Si avvantaggiano, senza darlo a vedere, di certe conquiste filosofiche come quella crociana e bergsoniana (intuizione, immediatezza del linguaggio) brutalizzandole ed inserendole in una visione della vita caotica, materialistica, infantile. Per romperla con la tradizione, sentono il bisogno di spaccare i capolavori dell'antichità, e per reagire all'accademia, diventano un continuo paradosso culturale.

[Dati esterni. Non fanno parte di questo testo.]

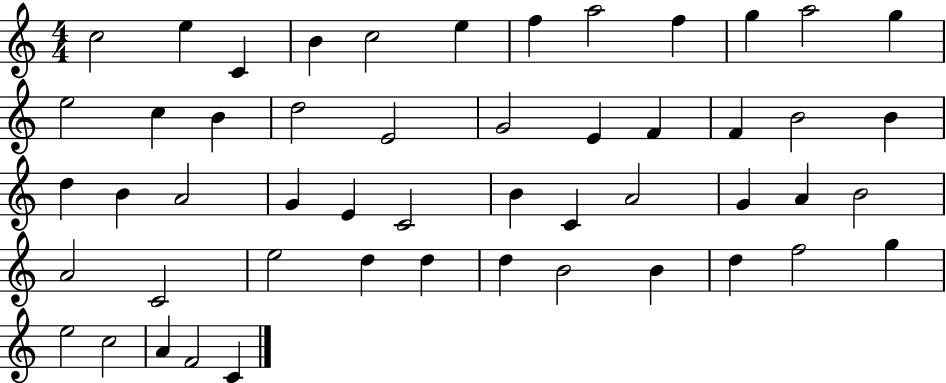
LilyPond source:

{
  \clef treble
  \numericTimeSignature
  \time 4/4
  \key c \major
  c''2 e''4 c'4 | b'4 c''2 e''4 | f''4 a''2 f''4 | g''4 a''2 g''4 | \break e''2 c''4 b'4 | d''2 e'2 | g'2 e'4 f'4 | f'4 b'2 b'4 | \break d''4 b'4 a'2 | g'4 e'4 c'2 | b'4 c'4 a'2 | g'4 a'4 b'2 | \break a'2 c'2 | e''2 d''4 d''4 | d''4 b'2 b'4 | d''4 f''2 g''4 | \break e''2 c''2 | a'4 f'2 c'4 | \bar "|."
}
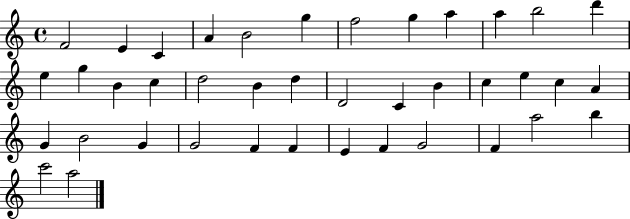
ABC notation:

X:1
T:Untitled
M:4/4
L:1/4
K:C
F2 E C A B2 g f2 g a a b2 d' e g B c d2 B d D2 C B c e c A G B2 G G2 F F E F G2 F a2 b c'2 a2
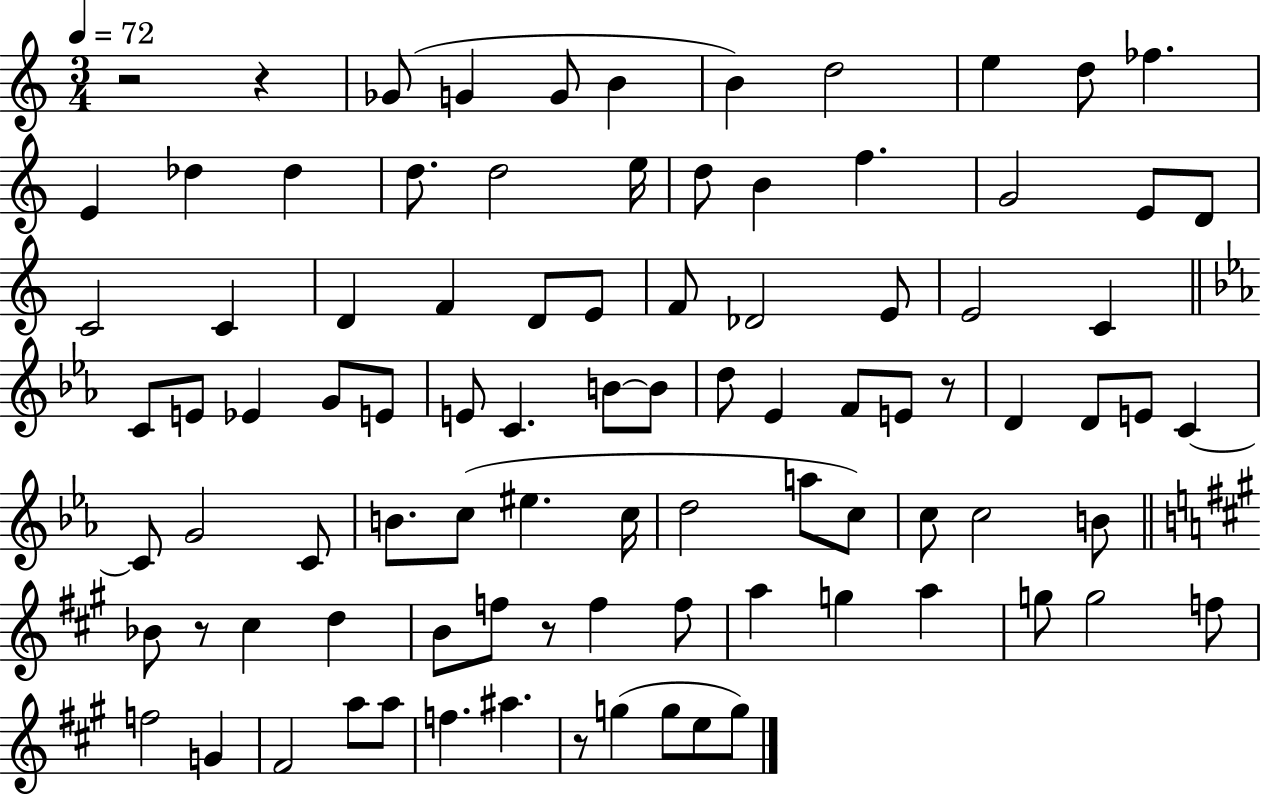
{
  \clef treble
  \numericTimeSignature
  \time 3/4
  \key c \major
  \tempo 4 = 72
  r2 r4 | ges'8( g'4 g'8 b'4 | b'4) d''2 | e''4 d''8 fes''4. | \break e'4 des''4 des''4 | d''8. d''2 e''16 | d''8 b'4 f''4. | g'2 e'8 d'8 | \break c'2 c'4 | d'4 f'4 d'8 e'8 | f'8 des'2 e'8 | e'2 c'4 | \break \bar "||" \break \key ees \major c'8 e'8 ees'4 g'8 e'8 | e'8 c'4. b'8~~ b'8 | d''8 ees'4 f'8 e'8 r8 | d'4 d'8 e'8 c'4~~ | \break c'8 g'2 c'8 | b'8. c''8( eis''4. c''16 | d''2 a''8 c''8) | c''8 c''2 b'8 | \break \bar "||" \break \key a \major bes'8 r8 cis''4 d''4 | b'8 f''8 r8 f''4 f''8 | a''4 g''4 a''4 | g''8 g''2 f''8 | \break f''2 g'4 | fis'2 a''8 a''8 | f''4. ais''4. | r8 g''4( g''8 e''8 g''8) | \break \bar "|."
}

Il loro risultato è perciò soprattutto notevole nel campo sociale e largamente culturale (esasperazione estrema dell'identità arte-vita) ma nel campo specificamente estetico la loro novità è superficiale, limitata vistosa se si guarda alle audacie, meschina se si guarda alla forza poetica che c'era dietro quegli schiamazzi. Ché spesso in questi poeti, fra tante cose (volontà, egotismo, materialismo quasi mistico) non c'è che un briciolo minimo di poesia. «Et tout le reste» non è neppure letteratura, ma sfogo di bisogni extraestetici.
Positivamente il futurismo ha finito la distruzione della formazione retorica, - con una violenza in sé e per sé cieca - del gusto ottocentesco, ed ha fatto provare il sapore dell'anarchia ad una letteratura saggia ed ordinata come la nostra. Il futurismo è stato così uri po' il martire di un decadentismo in arretrato, ha pagato per tutti, ha giovato negativamente a tutti.

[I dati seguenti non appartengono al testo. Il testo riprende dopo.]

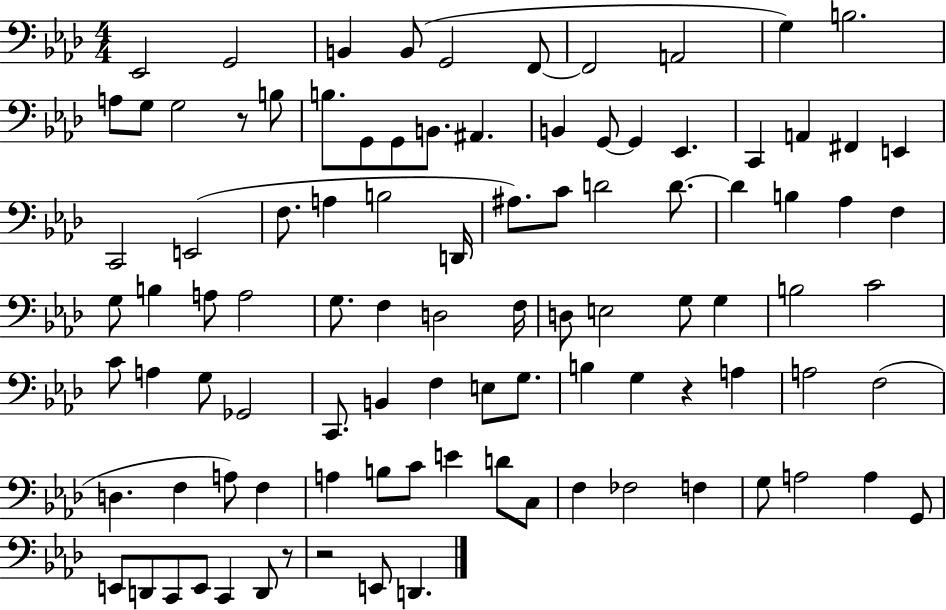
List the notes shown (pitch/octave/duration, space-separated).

Eb2/h G2/h B2/q B2/e G2/h F2/e F2/h A2/h G3/q B3/h. A3/e G3/e G3/h R/e B3/e B3/e. G2/e G2/e B2/e. A#2/q. B2/q G2/e G2/q Eb2/q. C2/q A2/q F#2/q E2/q C2/h E2/h F3/e. A3/q B3/h D2/s A#3/e. C4/e D4/h D4/e. D4/q B3/q Ab3/q F3/q G3/e B3/q A3/e A3/h G3/e. F3/q D3/h F3/s D3/e E3/h G3/e G3/q B3/h C4/h C4/e A3/q G3/e Gb2/h C2/e. B2/q F3/q E3/e G3/e. B3/q G3/q R/q A3/q A3/h F3/h D3/q. F3/q A3/e F3/q A3/q B3/e C4/e E4/q D4/e C3/e F3/q FES3/h F3/q G3/e A3/h A3/q G2/e E2/e D2/e C2/e E2/e C2/q D2/e R/e R/h E2/e D2/q.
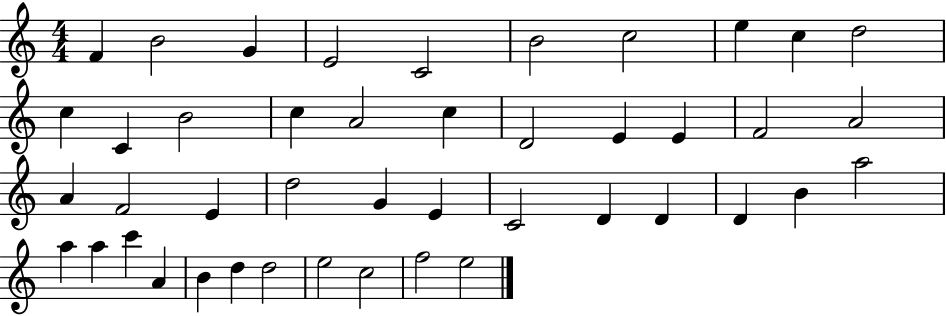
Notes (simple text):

F4/q B4/h G4/q E4/h C4/h B4/h C5/h E5/q C5/q D5/h C5/q C4/q B4/h C5/q A4/h C5/q D4/h E4/q E4/q F4/h A4/h A4/q F4/h E4/q D5/h G4/q E4/q C4/h D4/q D4/q D4/q B4/q A5/h A5/q A5/q C6/q A4/q B4/q D5/q D5/h E5/h C5/h F5/h E5/h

II futurismo ha il valore di un'esperienza poco profonda, ma intensa, di tendenze d'avanguardia che sono state poi allontanate da quel potente antidoto...

La natura sensuale di questa poetica cerca infine il suo massimo nella sovrabbondanza delle immagini (perciò Govoni dovette piacere a Marinetti): «le immagini non sono fiori da scegliere e cogliere con parsimonia come diceva Voltaire».
E si potrebbe continuare a tirare le conseguenze tecniche, i particolari costruttivi, che emanano da questa poetica sensualistica. Ma a noi interessa aver ribadito l'accento estremamente decadente della poetica futurista e averla trovata, sotto spoglie diverse, vicinissima alla poetica pascoliana, dannunziana, crepuscolare.